Enßlin glaubt, man habe gute Argumente, um die Verkäufer auf die Plattform zu holen. Er zeigt sich optimistisch. Das ist wohl auch darauf zurückzuführen, dass es schon heute Gespräche mit Unternehmen gibt, mit einigen Interessierten arbeite man bereits zusammen. Um welche Distributoren es sich handelt, behält man bei ContentBay lieber noch für sich. Enßlin sagt nur so viel: "Wir bauen nichts ins Blaue hinein, es gibt viel Input von Ein- und Verkäufern." Am Ende werden keine Unternehmen mit dabei sein, von dem man in der Branche noch nicht gehört habe, verspricht der Investor.

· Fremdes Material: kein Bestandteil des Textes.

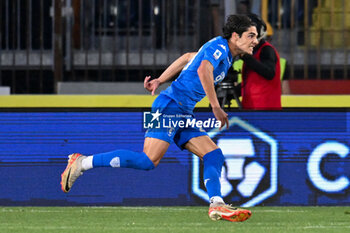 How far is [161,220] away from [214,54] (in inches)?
46.8

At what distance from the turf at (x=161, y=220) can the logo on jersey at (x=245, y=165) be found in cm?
23

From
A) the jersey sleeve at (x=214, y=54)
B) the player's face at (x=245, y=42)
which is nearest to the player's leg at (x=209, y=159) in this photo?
the jersey sleeve at (x=214, y=54)

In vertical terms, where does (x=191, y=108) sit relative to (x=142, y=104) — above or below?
above

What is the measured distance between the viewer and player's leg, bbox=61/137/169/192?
7062mm

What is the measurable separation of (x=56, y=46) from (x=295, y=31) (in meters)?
2.57

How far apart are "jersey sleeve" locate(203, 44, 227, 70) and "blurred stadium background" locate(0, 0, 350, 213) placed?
1290 millimetres

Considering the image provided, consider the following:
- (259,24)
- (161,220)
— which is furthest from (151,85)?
(259,24)

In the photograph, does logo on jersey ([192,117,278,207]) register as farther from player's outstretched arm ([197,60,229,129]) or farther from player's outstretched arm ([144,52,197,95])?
player's outstretched arm ([197,60,229,129])

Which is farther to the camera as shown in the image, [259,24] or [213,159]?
[259,24]

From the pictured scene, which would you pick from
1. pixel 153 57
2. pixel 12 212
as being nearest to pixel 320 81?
pixel 153 57

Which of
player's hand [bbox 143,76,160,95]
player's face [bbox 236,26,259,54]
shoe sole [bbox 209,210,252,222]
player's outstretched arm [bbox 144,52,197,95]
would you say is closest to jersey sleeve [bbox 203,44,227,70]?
player's face [bbox 236,26,259,54]

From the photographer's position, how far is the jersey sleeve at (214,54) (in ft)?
22.7

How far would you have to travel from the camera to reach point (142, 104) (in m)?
9.54

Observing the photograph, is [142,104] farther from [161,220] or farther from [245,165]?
[161,220] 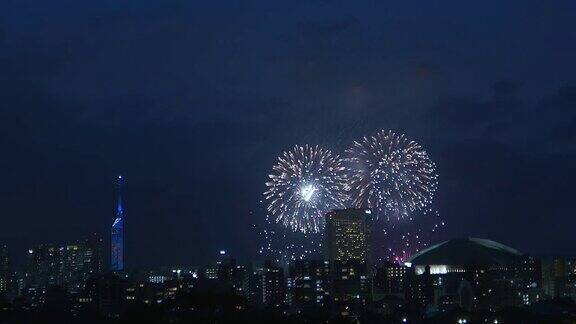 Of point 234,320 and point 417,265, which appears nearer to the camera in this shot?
point 234,320

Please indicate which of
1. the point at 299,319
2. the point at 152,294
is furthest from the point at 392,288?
the point at 299,319

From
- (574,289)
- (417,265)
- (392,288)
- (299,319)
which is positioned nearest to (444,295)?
(392,288)

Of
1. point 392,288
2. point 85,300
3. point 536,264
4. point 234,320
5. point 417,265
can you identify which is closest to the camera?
point 234,320

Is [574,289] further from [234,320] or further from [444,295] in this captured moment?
[234,320]

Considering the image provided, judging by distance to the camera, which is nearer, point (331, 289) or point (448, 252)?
point (331, 289)

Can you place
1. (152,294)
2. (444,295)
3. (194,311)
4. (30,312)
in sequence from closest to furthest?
(194,311)
(30,312)
(152,294)
(444,295)

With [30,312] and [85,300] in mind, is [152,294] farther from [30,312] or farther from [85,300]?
[30,312] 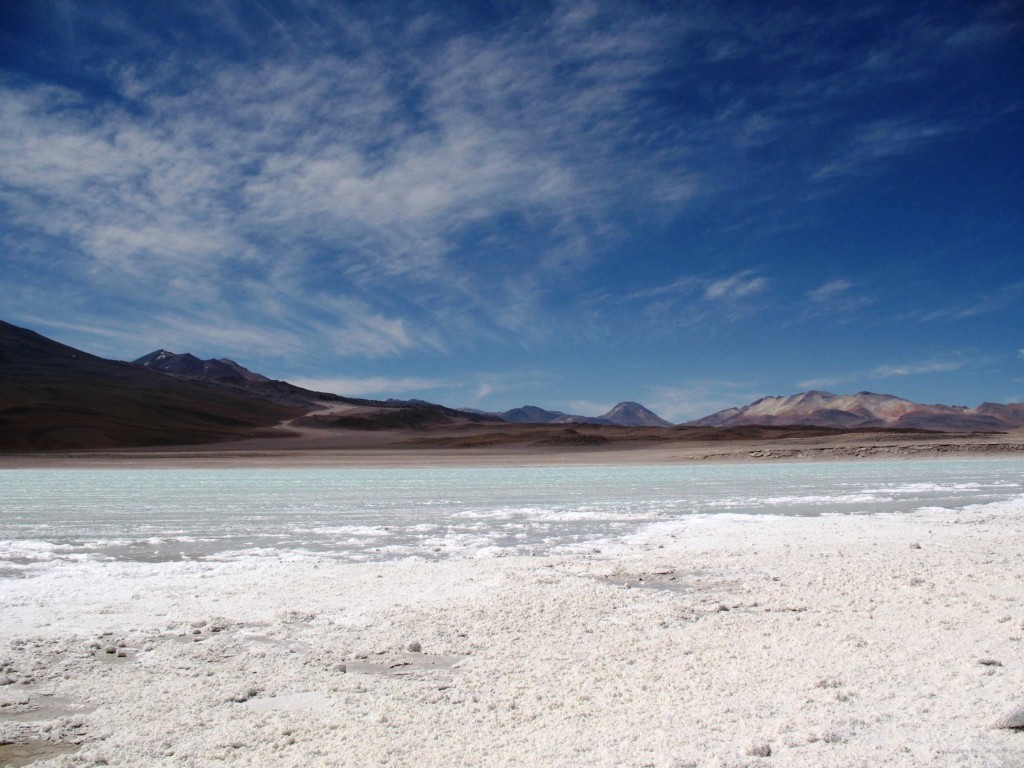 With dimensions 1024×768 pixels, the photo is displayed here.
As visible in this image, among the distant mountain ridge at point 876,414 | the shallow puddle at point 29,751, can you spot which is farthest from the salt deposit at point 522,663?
the distant mountain ridge at point 876,414

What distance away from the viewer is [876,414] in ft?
427

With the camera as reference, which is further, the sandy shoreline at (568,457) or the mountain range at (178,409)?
the mountain range at (178,409)

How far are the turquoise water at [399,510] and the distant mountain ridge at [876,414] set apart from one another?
3627 inches

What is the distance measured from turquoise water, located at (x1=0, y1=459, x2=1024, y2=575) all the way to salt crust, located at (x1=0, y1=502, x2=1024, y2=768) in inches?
60.3

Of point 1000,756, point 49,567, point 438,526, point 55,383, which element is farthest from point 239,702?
point 55,383

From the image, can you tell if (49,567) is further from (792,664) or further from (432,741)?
(792,664)

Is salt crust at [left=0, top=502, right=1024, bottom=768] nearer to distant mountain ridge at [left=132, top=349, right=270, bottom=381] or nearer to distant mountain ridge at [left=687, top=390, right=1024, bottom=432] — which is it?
distant mountain ridge at [left=687, top=390, right=1024, bottom=432]

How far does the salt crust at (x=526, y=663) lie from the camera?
2.95m

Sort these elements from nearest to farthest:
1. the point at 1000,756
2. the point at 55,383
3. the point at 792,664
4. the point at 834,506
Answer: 1. the point at 1000,756
2. the point at 792,664
3. the point at 834,506
4. the point at 55,383

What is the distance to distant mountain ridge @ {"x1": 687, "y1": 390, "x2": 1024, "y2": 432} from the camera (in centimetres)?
11656

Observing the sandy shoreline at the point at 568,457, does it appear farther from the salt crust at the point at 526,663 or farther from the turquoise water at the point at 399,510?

"Informiertes Bauchgefühl"

Die vielen Inhalte auf der Plattform lizenziert ContentBay aus verschiedenen Quellen, etwa aus dem Internet Video Archive (IVA). Anbieten will man den Kundinnen und Kunden auch eine Videoerkennung von Inhalten. Die Inhalte könnten dann nach Stichworten wie Berg, Schiff und Flugzeug oder nach Logos von bestimmten Marken durchsucht werden. Für letzteres muss das Tool aber entsprechend trainiert werden. Dadurch könnte man es werbungtreibenden Unternehmen ermöglichen, im Umfeld von Filmen zu werben, in denen ihr Logo vorkommt. Dadurch ergeben sich theoretisch auch in der Werbevermarktung entsprechende Möglichkeiten.

ContentBay hat es sich also zum Ziel gemacht, den Einkauf und Verkauf von Programmen zu revolutionieren - auch wenn klar ist, dass sich die Branche auch künftig auf Fernsehmessen trifft. "Die Messen wird es ebenso weiter geben wie das Bauchgefühl beim Programmeinkauf", sagt Holger Enßlin im Gespräch mit DWDL.de. "Durch uns wird es aber eher ein informiertes Bauchgefühl sein."